GOAL OF THE EXERCISE: In this exercise, return each entry exactly as given.

Items from a dataset:
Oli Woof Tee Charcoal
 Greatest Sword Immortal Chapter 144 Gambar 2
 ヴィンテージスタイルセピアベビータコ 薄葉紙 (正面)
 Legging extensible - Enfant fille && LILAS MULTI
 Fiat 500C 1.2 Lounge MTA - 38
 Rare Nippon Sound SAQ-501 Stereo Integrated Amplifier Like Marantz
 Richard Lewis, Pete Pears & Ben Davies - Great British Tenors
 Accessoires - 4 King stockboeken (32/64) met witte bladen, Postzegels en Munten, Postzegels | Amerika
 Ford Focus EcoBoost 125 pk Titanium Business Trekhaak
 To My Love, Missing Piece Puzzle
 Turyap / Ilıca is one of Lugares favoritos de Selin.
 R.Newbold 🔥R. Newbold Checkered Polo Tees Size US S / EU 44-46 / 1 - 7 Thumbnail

SOLUTION FOR THIS PROBLEM:
Oli Woof Tee Charcoal
 Greatest Sword Immortal Chapter 144 Gambar 2
 ヴィンテージスタイルセピアベビータコ 薄葉紙 (正面)
 Legging extensible - Enfant fille && LILAS MULTI
 Fiat 500C 1.2 Lounge MTA - 38
 Rare Nippon Sound SAQ-501 Stereo Integrated Amplifier Like Marantz
 Richard Lewis, Pete Pears & Ben Davies - Great British Tenors
 Accessoires - 4 King stockboeken (32/64) met witte bladen, Postzegels en Munten, Postzegels | Amerika
 Ford Focus EcoBoost 125 pk Titanium Business Trekhaak
 To My Love, Missing Piece Puzzle
 Turyap / Ilıca is one of Lugares favoritos de Selin.
 R.Newbold 🔥R. Newbold Checkered Polo Tees Size US S / EU 44-46 / 1 - 7 Thumbnail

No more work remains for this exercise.